EXERCISE GOAL> Please repeat exactly the lines below from the line with "Modern Farmhouse Tv" to the line with "watch snøhetta's theodore", including both, and leave out every picture.

Collected data

┌──

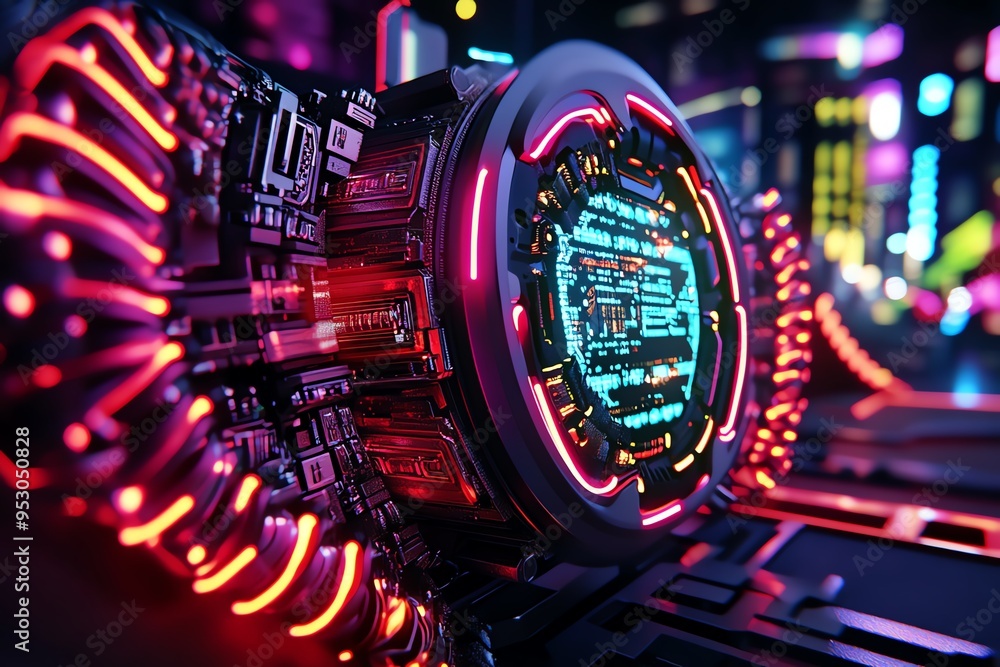 Poster neon color technology with led lights and digital displays, depicted in an artwork where a futuristi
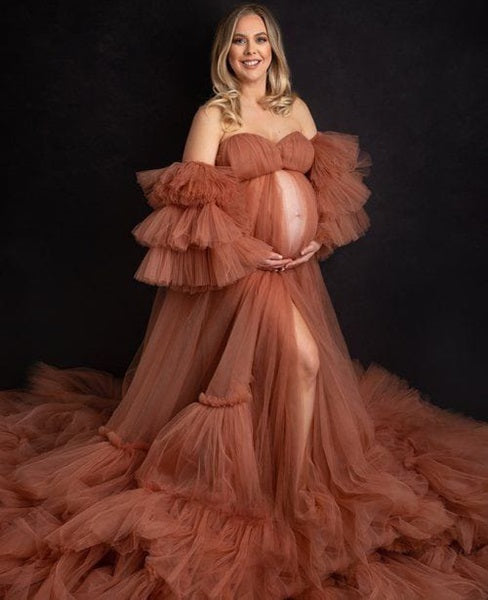 G3017, Watermelon Frills Maternity Shoot Gown, Size (ALL) pp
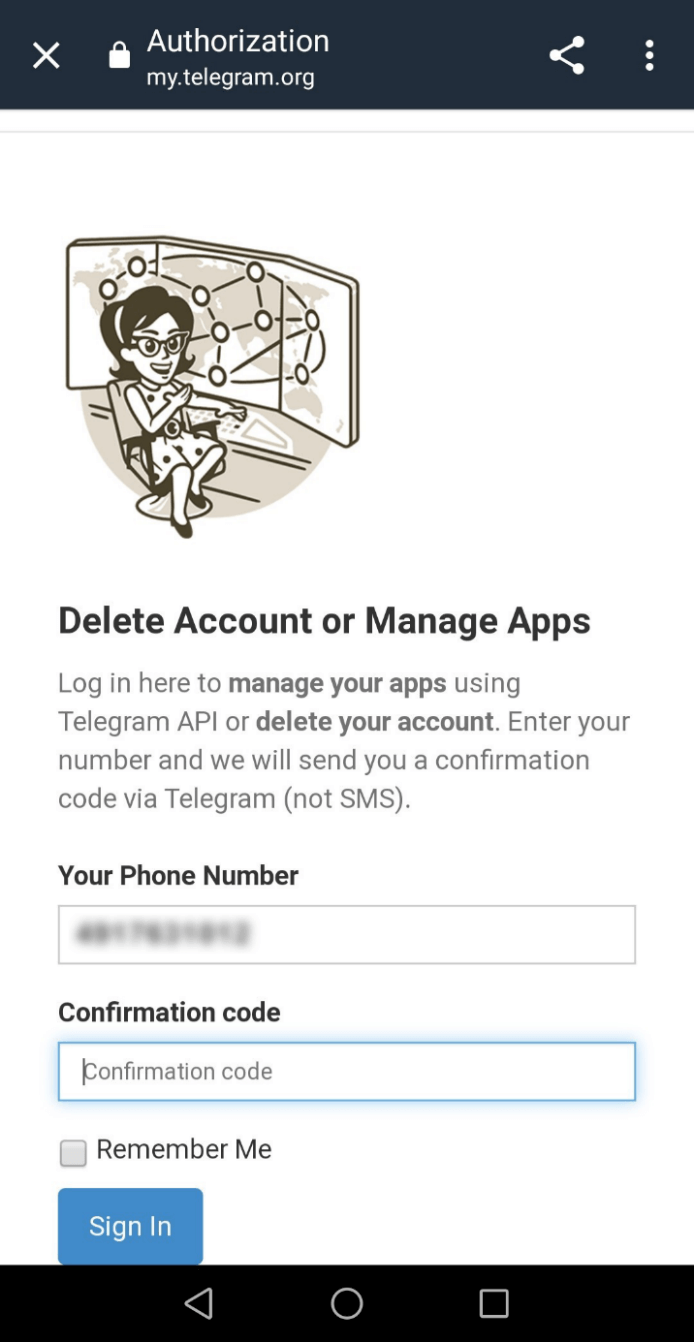 Sito web di Telegram per eliminare l’account: inserimento del codice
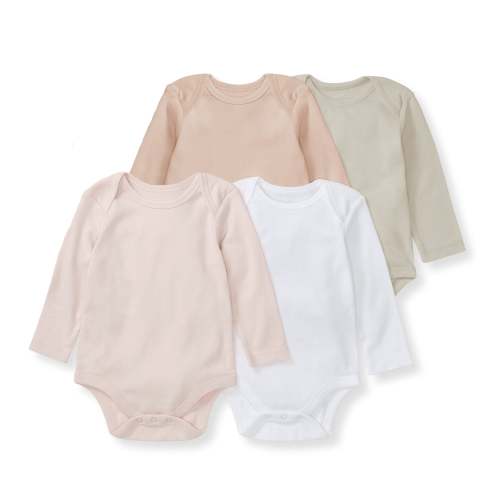 Pink Sand Solid Organic Cotton Long Sleeve Baby Bodysuit Pack of 4 – Burt's Bees Baby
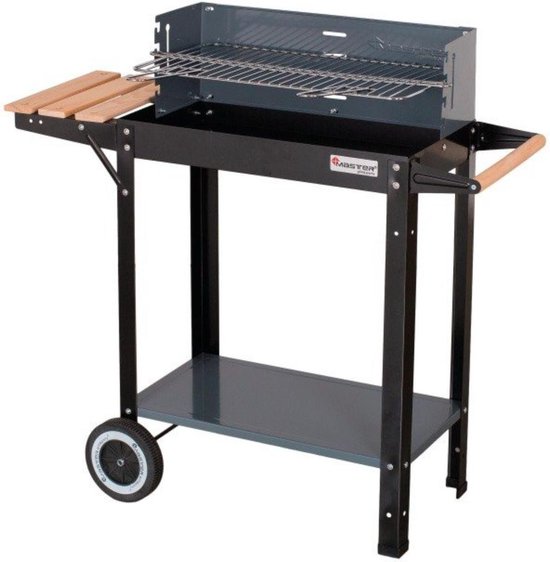 Master Grill MG909 - Houtskoolbarbecue - Verstelbare Chromen Rooster - Wielen van Merkloos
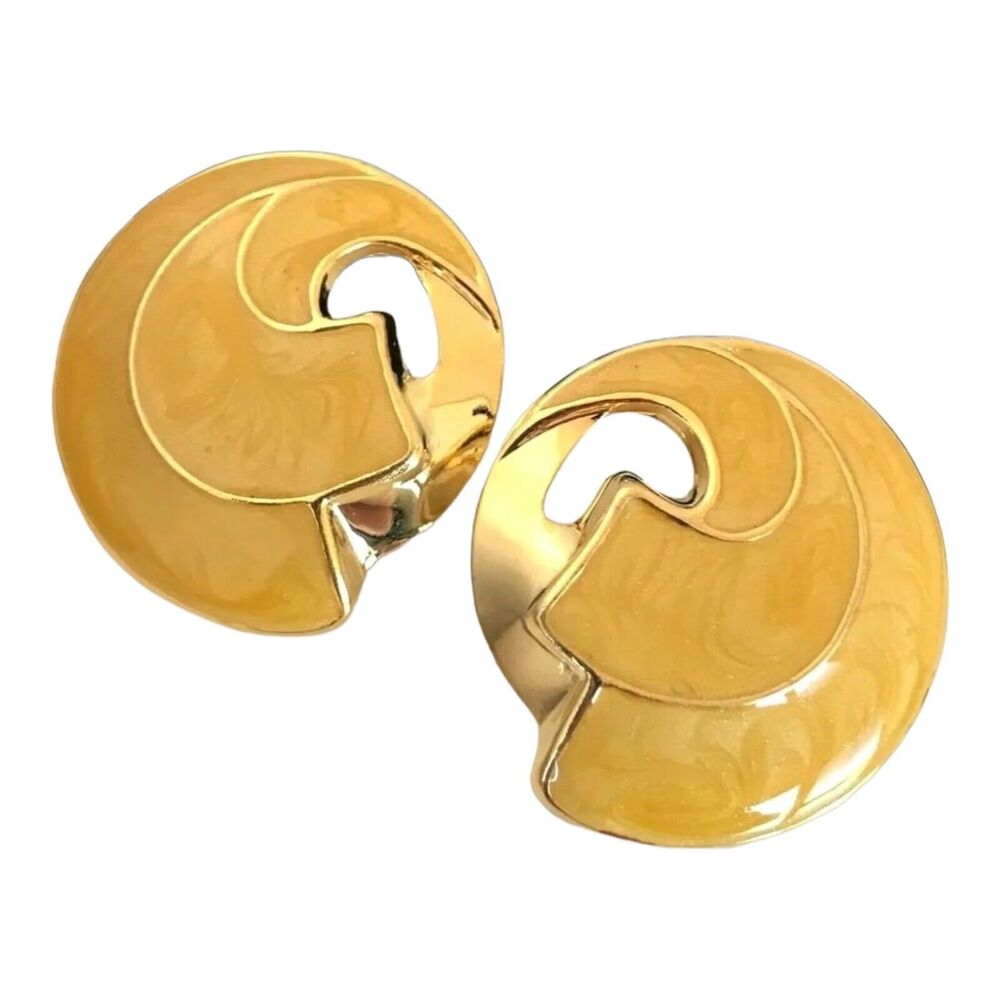Vintage 1980s Yellow Enamel Swirl Earrings Gold Tone Pierced NOS - 7L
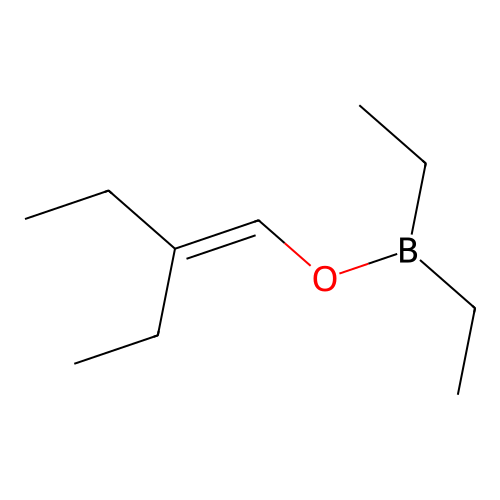 Diethyl(2-ethyl-1-butenyloxy)borane structure
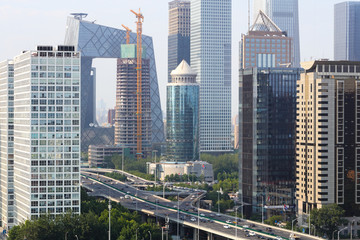 北京CBD建筑群 北京国贸桥
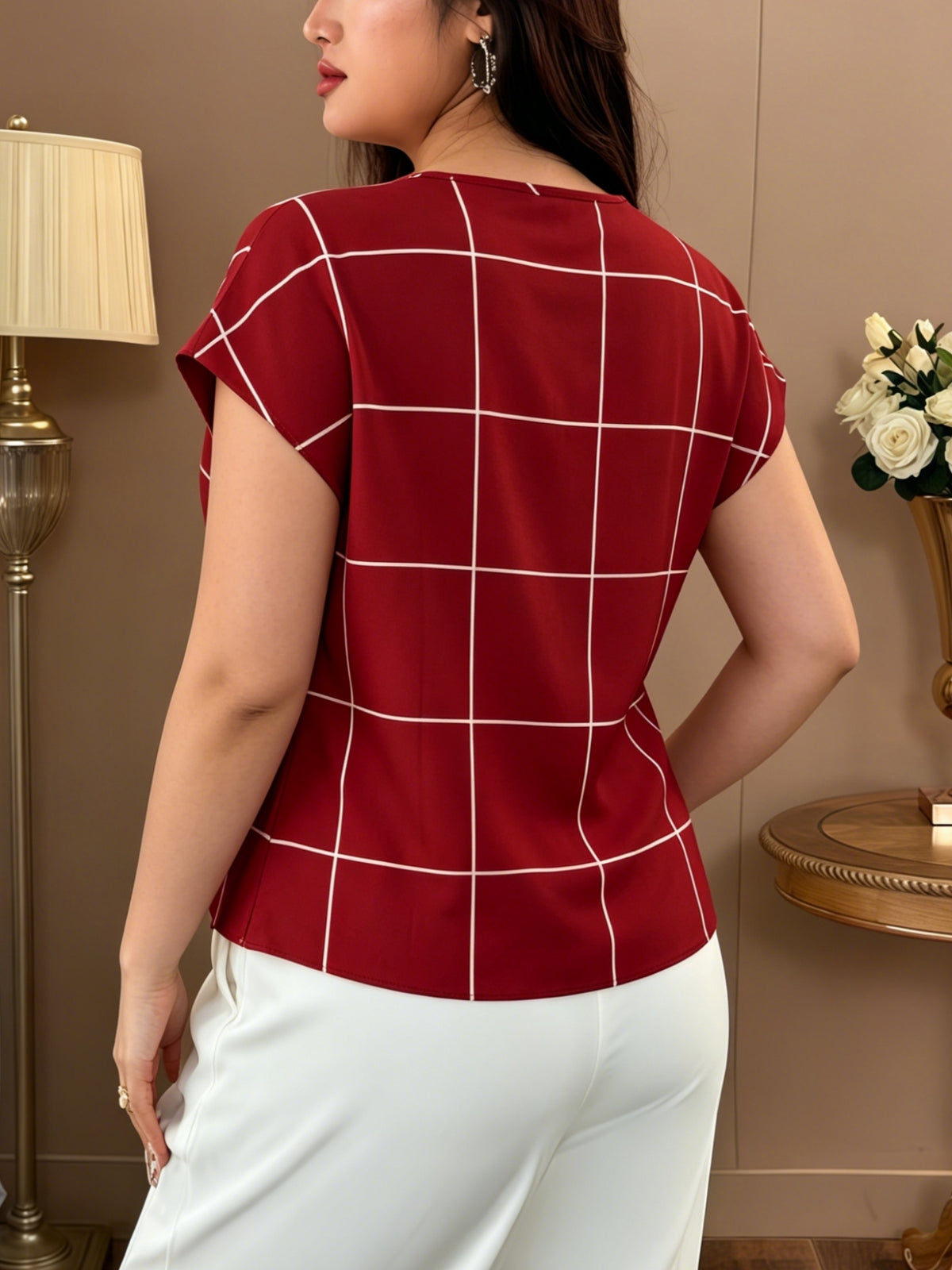 Large Plaid V-Neck Batwing Sleeve Short-Sleeved Chiffon Shirt, Minimalist Commuter Style Shirt, Versatile Temperament Top, Minimalist Commuter Style, French Relaxed Style - Red Grid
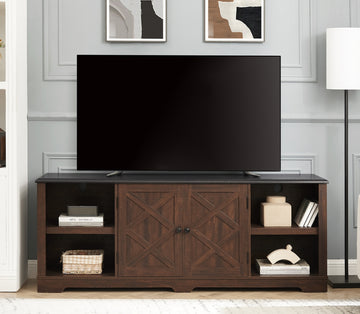 Modern Farmhouse Tv Media Stand, Large Barn Inspired Home Entertainment Console, For Tv Up To 80'', With Open Shelves And Closed Cabinets, Espresso And Black, 70"W*15.55"D*26.89"H Espresso 70 79 Inches 80 Inches Mdf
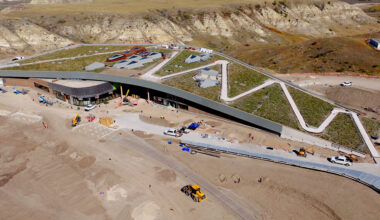 watch snøhetta's theodore roosevelt presidential library take shape in north dakota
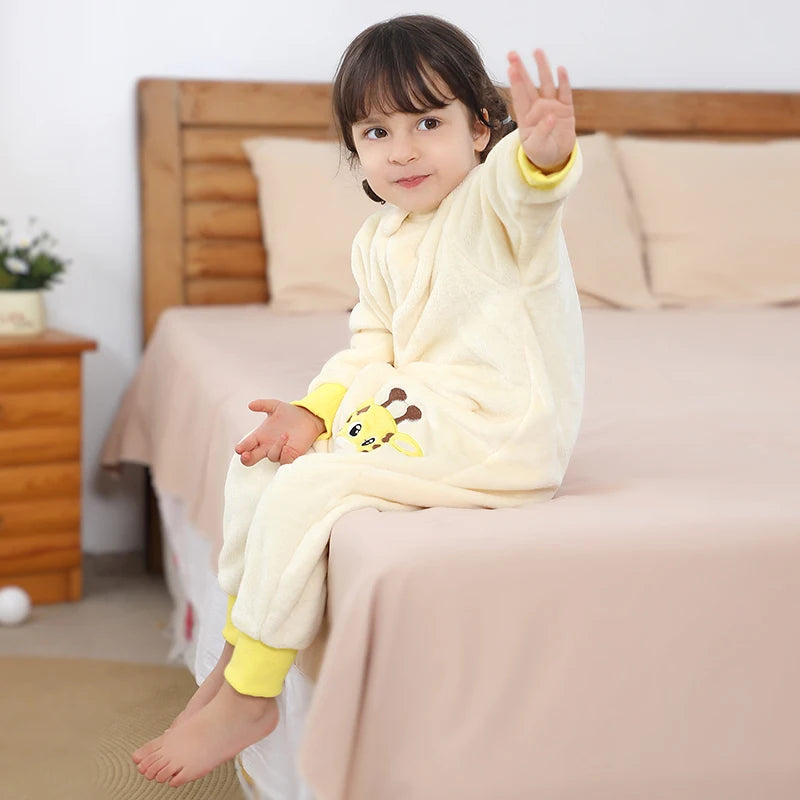 MICHLEY Baby Sleeping Bag Flannel Children Pajamas Warm Winter Clothes Toddler Sack Sleepsack Bedding For Girls Boys Kids 1-6T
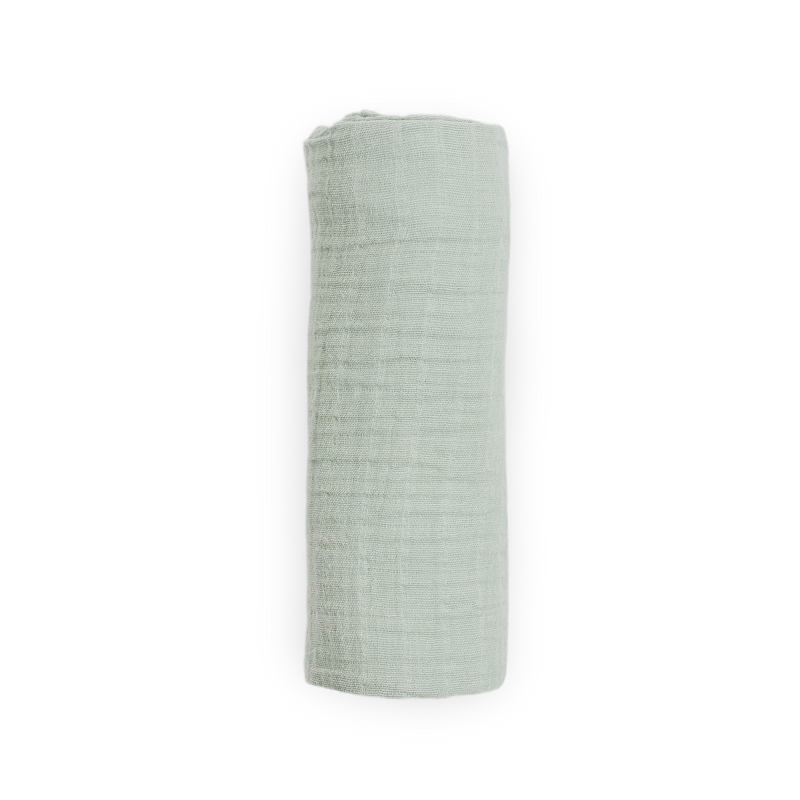 Organic Cotton Muslin Swaddle Blanket | White Sage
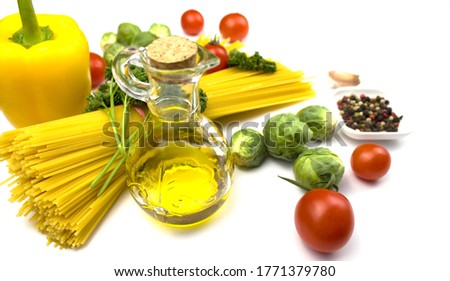 Italian food. Italian pasta with tomatoes and herbs. Italian food food ingredients. Isolate copyspace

└──

RESULT OF THIS TASK>
 Modern Farmhouse Tv Media Stand, Large Barn Inspired Home Entertainment Console, For Tv Up To 80'', With Open Shelves And Closed Cabinets, Espresso And Black, 70"W*15.55"D*26.89"H Espresso 70 79 Inches 80 Inches Mdf
 watch snøhetta's theodore roosevelt presidential library take shape in north dakota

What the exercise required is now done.